**Instructions for the task**
A faithful copy is required. Print each line of the data exactly and omit the pictures.

**Collected material**
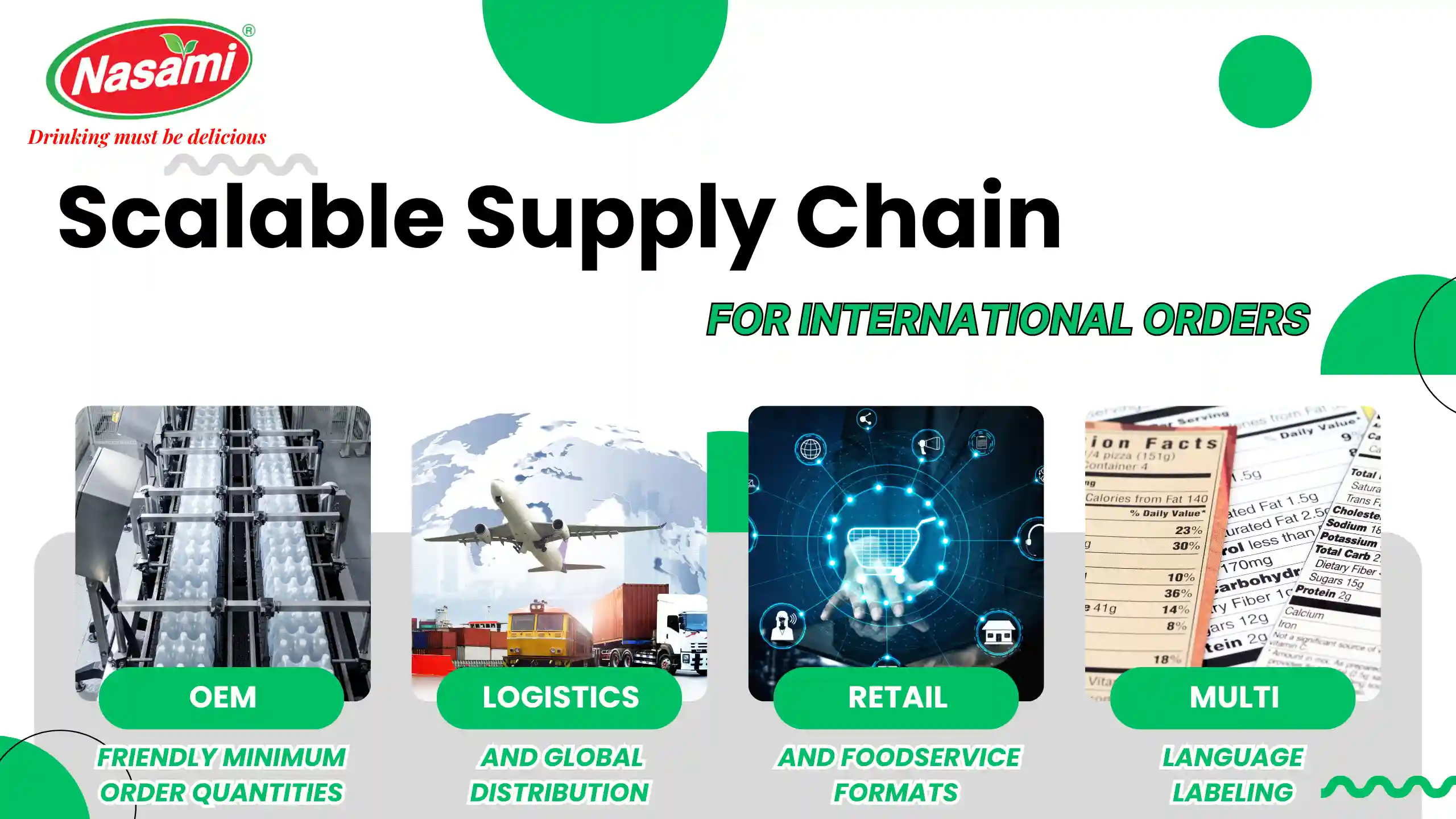 Apple and Carrot Juice – The Secret Behind Our B2B OEM Success 5 Scalable Supply Chain for International Orders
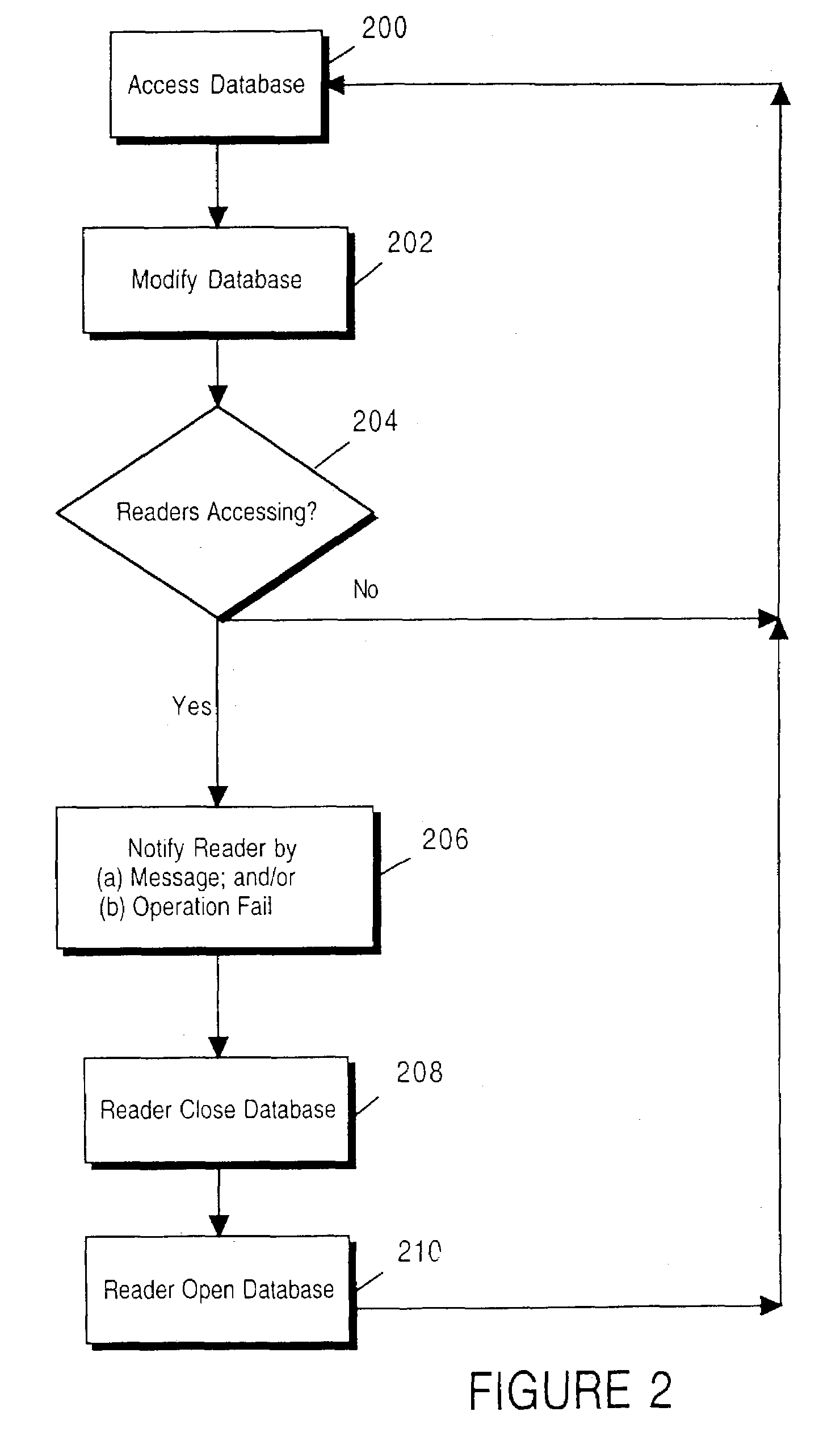 Method and apparatus for configuring a computer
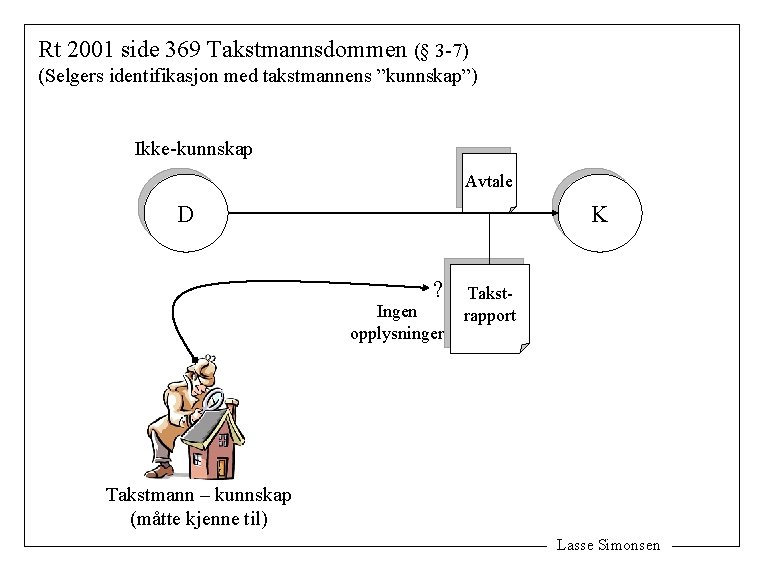 Rt 2001 side 369 Takstmannsdommen (§ 3 -7) (Selgers identifikasjon med takstmannens ”kunnskap”) Ikke-kunnskap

**Solution to the problem**
 Apple and Carrot Juice – The Secret Behind Our B2B OEM Success 5 Scalable Supply Chain for International Orders
 Method and apparatus for configuring a computer
 Rt 2001 side 369 Takstmannsdommen (§ 3 -7) (Selgers identifikasjon med takstmannens ”kunnskap”) Ikke-kunnskap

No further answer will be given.